Now, of course, the poverty action lab methodology itself is not a magic bullet. It is expensive and time consuming to run. There may be moral imperatives to action that exclude the possibility of using 'control groups'. It works best when the questions are discrete - what is the best way to help the uptake of insecticide drenched mosquito nets or to have children vaccinated - rather than where the challenges are systemic and complex by their very nature and where we need to act into an unknown future - what are the best approaches to addressing climate change? 

However, at its centre, it is a heartening journey into helping people to recognise what it means to be poor and why people make the choices they make? For example, why would you (with a small increase in income) choose tastier foods over more nutritious. Answer because, like anyone, you want variety and status in your eating as well as 'health benefits'. For example, why would a poor family scrimp and save to buy a big TV screen? Answer because it provides the cheapest form of entertainment over time for your children. And so on...insight flows after insight into people's actual lived lives.

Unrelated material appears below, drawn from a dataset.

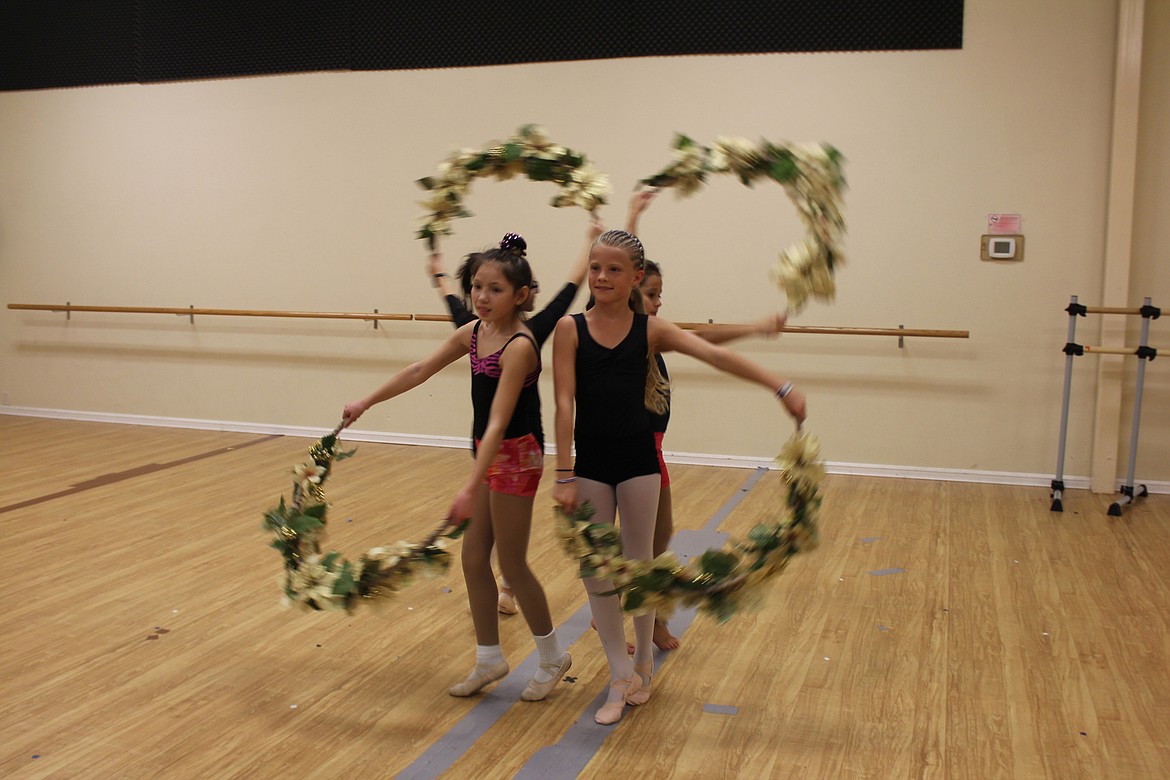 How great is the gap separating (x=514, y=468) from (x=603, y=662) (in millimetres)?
974

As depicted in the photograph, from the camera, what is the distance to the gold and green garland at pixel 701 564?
115 inches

It is a book that humanizes the faces of poor people and shows us (the wealthier reader) that they are people both like and unlike us, given the different contexts and constraints in which we live, but always utterly human - the same admixture of intelligence and folly managing the hand they have been dealt the best way they currently know how. How better to deal that hand and to manipulate what is given is the theme of the book.

Finally, they have an enjoyable sense of pitching the Sachs (Jeffrey Sachs) and the Easterly (William Easterly) against each other - the 'left' and 'the 'right' of development thinkers - and showing how a greater attention to the texture of things and the realities of people's actual lives might be more effectual than their mutual posturing.